■ Data extracts

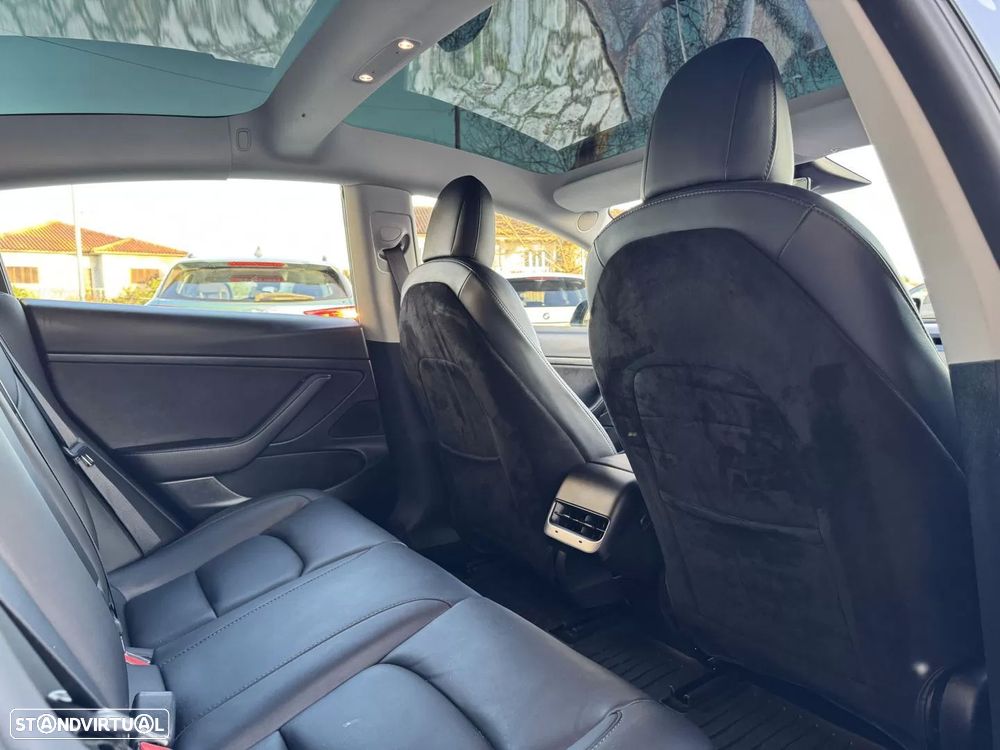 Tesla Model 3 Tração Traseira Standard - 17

* * *

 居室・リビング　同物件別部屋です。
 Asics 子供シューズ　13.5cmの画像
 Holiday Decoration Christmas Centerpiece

...

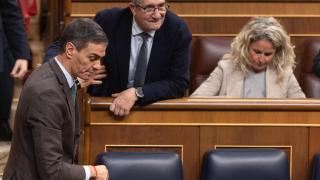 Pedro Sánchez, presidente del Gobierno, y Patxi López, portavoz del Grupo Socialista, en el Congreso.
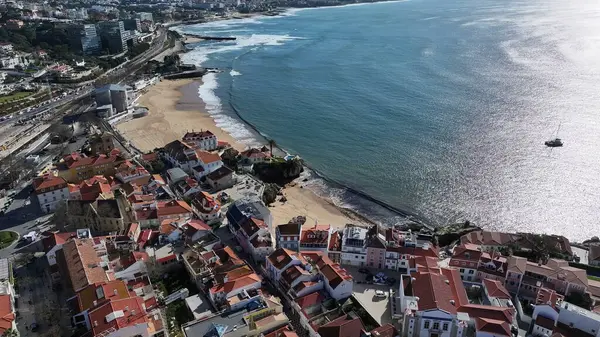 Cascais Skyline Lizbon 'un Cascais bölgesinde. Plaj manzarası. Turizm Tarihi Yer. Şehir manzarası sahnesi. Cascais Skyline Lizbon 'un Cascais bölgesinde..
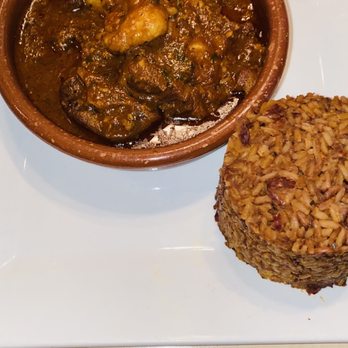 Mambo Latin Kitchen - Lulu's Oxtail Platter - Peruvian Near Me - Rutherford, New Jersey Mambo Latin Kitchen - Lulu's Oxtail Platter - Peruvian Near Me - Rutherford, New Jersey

■ Exercise
Would you copy the lines above exactly, starting with the one that has "Pedro Sánchez, presidente" and ending with the one that has "New Jersey Mambo", both included, without the pictures?

■ Reply to the exercise
 Pedro Sánchez, presidente del Gobierno, y Patxi López, portavoz del Grupo Socialista, en el Congreso.
 Cascais Skyline Lizbon 'un Cascais bölgesinde. Plaj manzarası. Turizm Tarihi Yer. Şehir manzarası sahnesi. Cascais Skyline Lizbon 'un Cascais bölgesinde..
 Mambo Latin Kitchen - Lulu's Oxtail Platter - Peruvian Near Me - Rutherford, New Jersey Mambo Latin Kitchen - Lulu's Oxtail Platter - Peruvian Near Me - Rutherford, New Jersey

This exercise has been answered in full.